Migrant rights groups have slammed the advisory as discriminatory, as they said it can be used by employers to disallow foreign domestic workers from exercising their right to go out on their rest day, which is usually Sunday. They also said it portrayed foreign domestic workers as a vector of the virus.

The Labour Department reiterated its appeal in March and also reminded domestic workers later in the month that public gatherings of more than four people are not allowed. The Hong Kong government has since relaxed this, however, and allowed gatherings by not more than eight people in May.

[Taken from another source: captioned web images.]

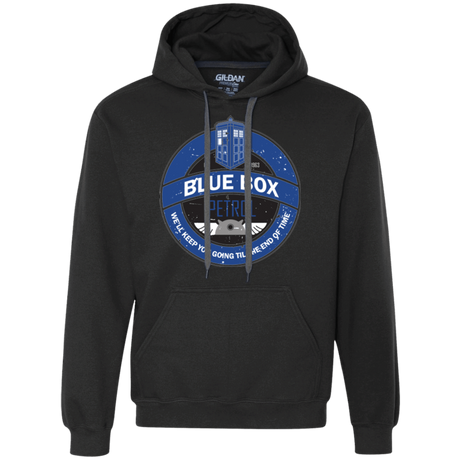Sweatshirts Black / Small Blue Box V7(1) Premium Fleece Hoodie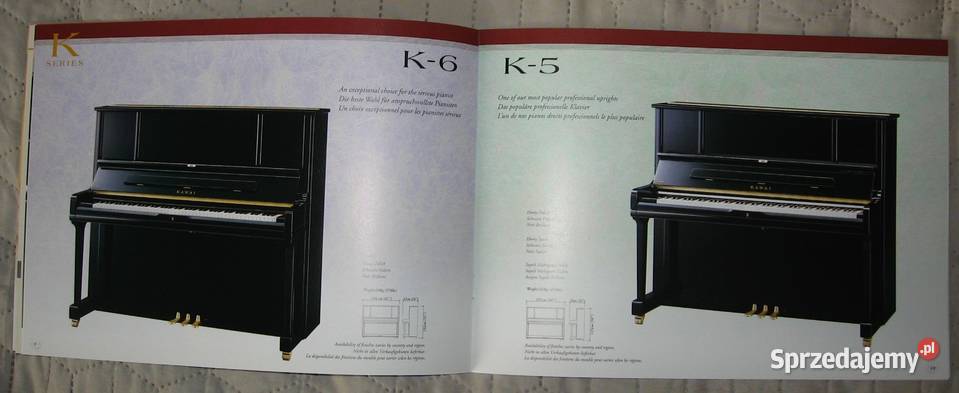 Kawai K Series Professional Upright Pianos Instrumenty klawiszowe i MIDI Kępice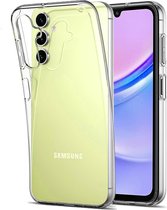 Soft Backcover Hoesje Geschikt voor: Samsung Galaxy A15 Silicone Transparant - ZT Accessoires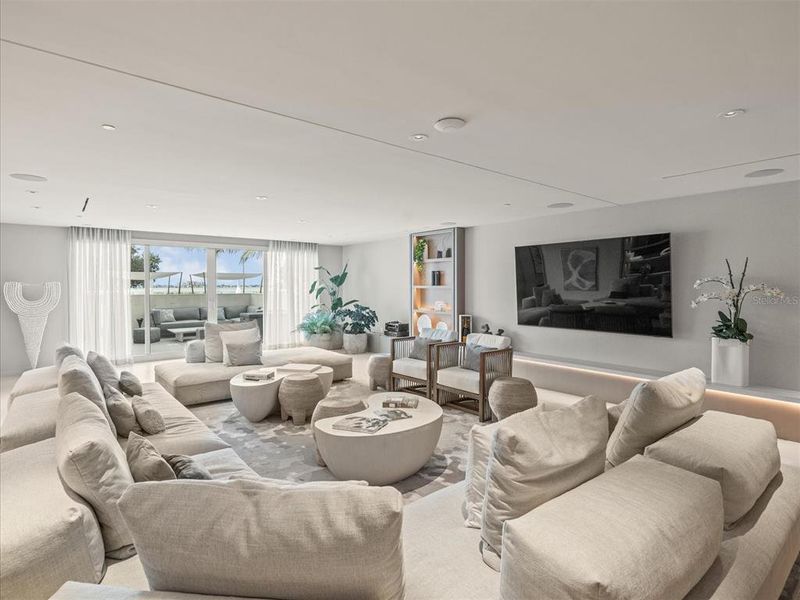 Furnished interior view inside a new home in , Clearwater (Image 9).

Hong Kong has 1,094 cases of COVID-19 infection and 4 deaths as of June 2. Over 20 Filipinos – a mix of domestic workers and musicians – have tested positive for the virus, most of whom have already recovered.

Cristal said that aside from the said COVID-19-related restrictions,  what “stemmed” their remittances was also the political unrest which has rocked Hong Kong since June last year. Protests have been held against the extradition bill, which Lam scuttled in September.

The bill would have allowed the transfer of criminal suspects to jurisdictions or territories which Hong Kong does not have an extradition treaty with, such as mainland China.

Guerro said these have only resulted into “short-term” impacts, however and Cristal said they can still see “positive results.”

Guerro also agreed with the positive forecast of the Philippine central bank about inbound remittances amid the pandemic. “I think it is possible,” he said, adding that the World Bank prediction that remittances will shrink by 20 percent globally this year may not necessarily apply to the Philippines.

The Philippines is highly dependent on remittances, as it constitutes 10 percent of the gross domestic product.